In ’94, our peerless deposits reached its maturity. The money in my name couldn’t be claimed or so Ashok made her to believe because of my Change of Name. Mom took 15k out of that 19k maybe & re- fixed in my name for a year; I agreed to sign in on the documents on a condition that Ashok would not be the Beneficiary jointly with me. She agreed. This was exactly in April of 1995 that she fixed a further sum of 20k each in our names individually in Bank of Baroda. Despite my insistence, she didn’t mention any name under Nominees since then Branch Manager, R. K. Anand said that anyways I being the only heir, it would have to go to me in case of any eventuality.
Eventuality did happen. She passed away the same year in October. Months later the 15k that she had re- fixed, reached its maturity & after a huge tooth & Nail Act, I received the money & deposited it in my account. Ashok married a Bong Woman on July- 31st , & as a tribute to mom’s demise, I was forced out of my home (or at least I thought so) in October- ’96.

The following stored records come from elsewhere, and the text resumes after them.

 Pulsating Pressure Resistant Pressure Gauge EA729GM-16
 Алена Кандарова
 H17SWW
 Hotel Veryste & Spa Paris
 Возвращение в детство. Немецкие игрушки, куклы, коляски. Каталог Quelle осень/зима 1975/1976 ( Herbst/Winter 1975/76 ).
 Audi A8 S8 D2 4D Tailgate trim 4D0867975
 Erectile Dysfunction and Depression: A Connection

Soon thereafter, I started my ordeal with the Bank of Baroda- BOB to retrieve my FDR, no problems there; I transferred the cash to my own account. Mind you I had started to stay on my own & was also pursuing Textile Designing from South Delhi Polytechnic. Since I had enrolled for the Longlands Affiliation, I had to pay another 4500 as an additional fee. The course was quite an expensive bargain for me, given the fact that I had to fend for my self all on my own, arrange Material for the Practical Classes & maintain myself. I used to travel to Lajpat Nagar every day from IP Extension, Patpar Ganj & then Mayur Vihar- III (after being thrown away)
I had no choice other than to claim mom’s deposit too. Well now, Mr. Anand wanted a Succession Certificate, Affidavit to the effect that I was the Only Legal Claimant. As I write this, I can see myself running from courts to BOB & back to my home & doing my homework at nights. People staring at me with Cynical Vision as they see a very young girl dressed conservatively moving in the Court Premises. There were no Cyber cafes in that age, finding someone to do the typing job was like “hunting” for a Rose in the Desert. After a few months’ of running around, I gathered all the demanded documents & presented to him.

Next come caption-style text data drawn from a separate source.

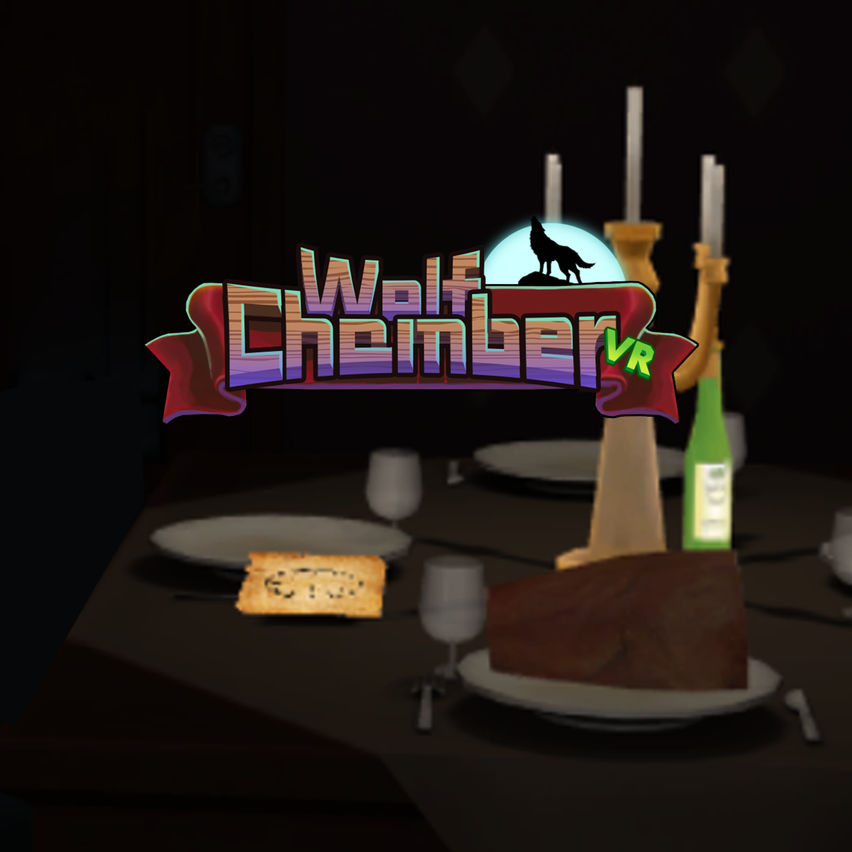 Wolf Chamber VR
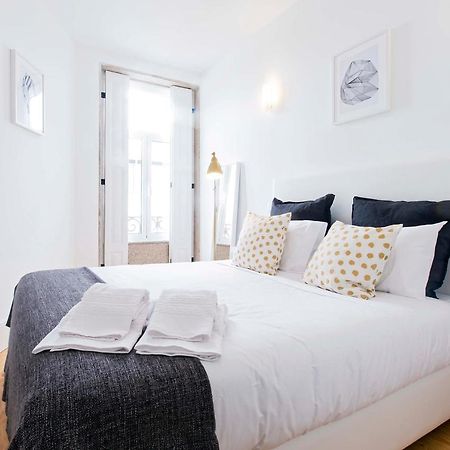 Bom Porto Apartments Eksteriør billede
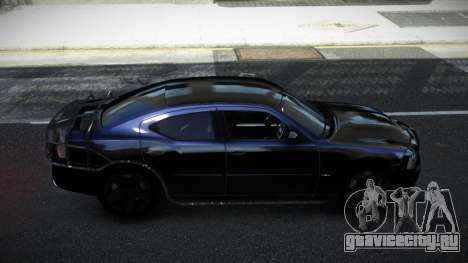 Dodge Charger Zutpex для GTA 4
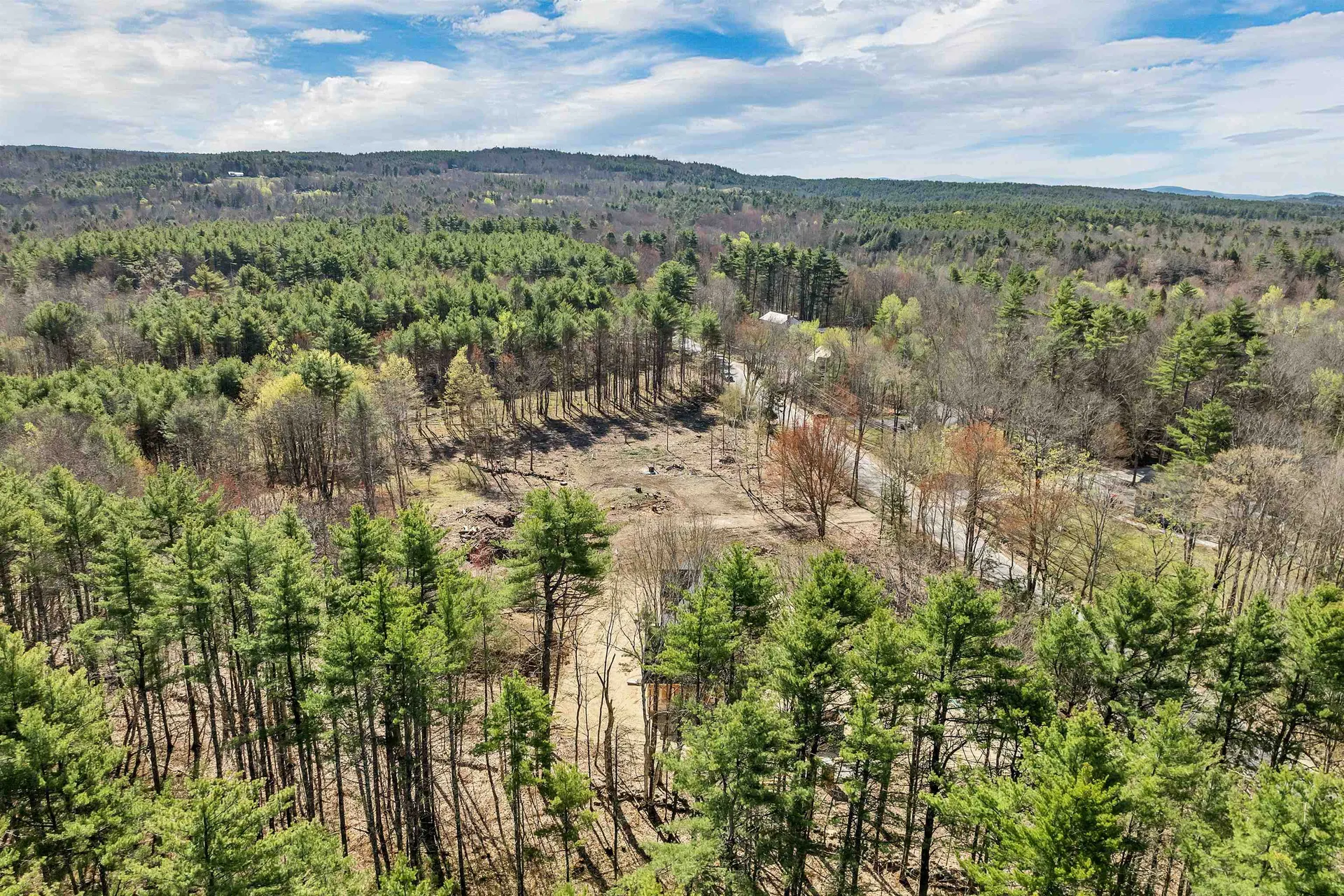 807 North Line Road Tuftonboro NH 03816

So, I was able to get the papers & the money now would be mine. Or so I thought. Now, he wanted 2 significant Guarantors employed in Government Job that meant getting the Documents done 1 more time. Asking my Mausaji of that favor had rooted me down the earth since they didn’t help me while I was being thrown out of the House. I did; he arranged for a neighbour of his to fill in the 2nd Guarantor’s Name. It was in early ’97 that Anand “revealed” that Ashok Samanta was the sole Nominee of that deposit. I have the Certificate Copy still retained with me- there’s no name in there; besides, it was I who accompanied mom when she had done all of these. Hopelessly mausaji gave in & we all came back with a very heavy heart.
I didn’t leave it at that yet. I contacted several Managers in BOB Building in Regal. I do retain the Applications till date. Masi’s tenant uncle asked me to forger about this money saying that you can’t change your Destiny & that was not to happen; better left. How disheartening it was..!! More than the money that I had so badly needed for the last semester for the 2nd year, it was mom’s investment & her pride that I couldn’t retrieve. Damn Me..!!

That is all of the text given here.